# New Memeber



## Terranova (Apr 18, 2007)

Hi
I just joined today. I am a proud owner of a 2002 outback 23rs and love it! I have it for 4 years now.

I'm towing it with a 2004 Chevy Avalanche and runs smooth.

I'm happy for this site. It has alot of great info that is useful and knowledgeable.

Hope to hear from some of you...

Thanks

T & M


----------



## hpapa4 (Apr 11, 2007)

Terranova, welcome to the board. Glad to see another Outbacker. I am failrly new to the board and to owning an Outback. Love the board and love my Outback. I know you will also.


----------



## HootBob (Apr 26, 2004)

Welcome Terranova to the Outback Family
Congrats on the 23RS nice model

Don


----------



## Oregon_Camper (Sep 13, 2004)

Welcome...Welcome...Welcome.

Glad you found us.









Where ya from? See if you can find a local Rally.


----------



## skippershe (May 22, 2006)

Hi Terranova
















to Outbackers! 

Glad you found us!
Post often and Happy Camping,


----------



## pinklady (Jan 31, 2007)

Welcome, Terranova! How did you find us? I'm pretty new here too but have had my Outback for 3 1/2 years. This place has taught me about "modifications". Wow--never occured to me to change something that I already paid good money for! But now I'm very busy changing knobs, making curtains, planning out new shelves and drawers and finding better ways to make a bed. You'll learn lots here to.


----------



## Oregon_Camper (Sep 13, 2004)

pinklady said:


> Welcome, Terranova! How did you find us? I'm pretty new here too but have had my Outback for 3 1/2 years. This place has taught me about "modifications". Wow--never occured to me to change something that I already paid good money for! But now I'm very busy changing knobs, making curtains, planning out new shelves and drawers and finding better ways to make a bed. You'll learn lots here to.

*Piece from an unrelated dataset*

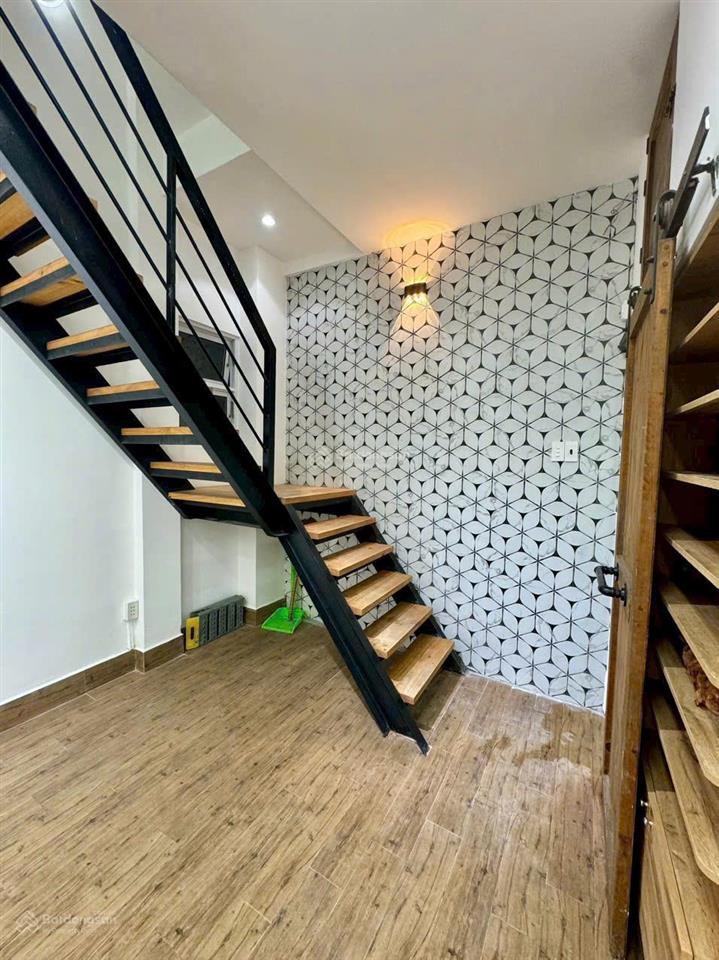 Bán nhà âu cơ q11, mt nội bộ 8m gần lê đại hành, 3 tầng, 30m², 4pn, giảm còn 6.68 tỷ.  0876 410 ***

Don't forget to look in members sig...a lot of us post a link to our camping page, where you can see our mods.


----------



## Rubrhammer (Nov 27, 2006)

Welcome welcome, there are some threads where you can tell about what you like to do and what you like to cook etc so you'll be able to learn a bit about us there.
Bob


----------



## Moosegut (Sep 24, 2005)

Welcome aboard. Glad you found us - FINALLY!







Where ya been?

Scott


----------



## mswalt (Sep 14, 2004)

Hey, glad to have you with us!

Enjoy.

Mark


----------



## C Ware (Mar 19, 2007)

Welcome to the family. Everyone here is so helpful.

Carlton


----------



## RizFam (Feb 25, 2006)




----------



## Lady Di (Oct 28, 2005)

Welcome, to an experienced newbie!









Glad you found us!


----------



## PDX_Doug (Nov 16, 2004)

*Welcome to Outbackers, Terranova!*








Glad to have you aboard!









Happy Trails,
Doug


----------



## wolfwood (Sep 19, 2005)

Where are you from? Where do you like to camp? Sooooo glad you found us!!!!


----------



## summergames84 (Mar 6, 2004)

Welcome, Terranova, glad you came on board.


----------



## Terranova (Apr 18, 2007)

Thank You for the welcomes....Hope to learn some neat stuff!


----------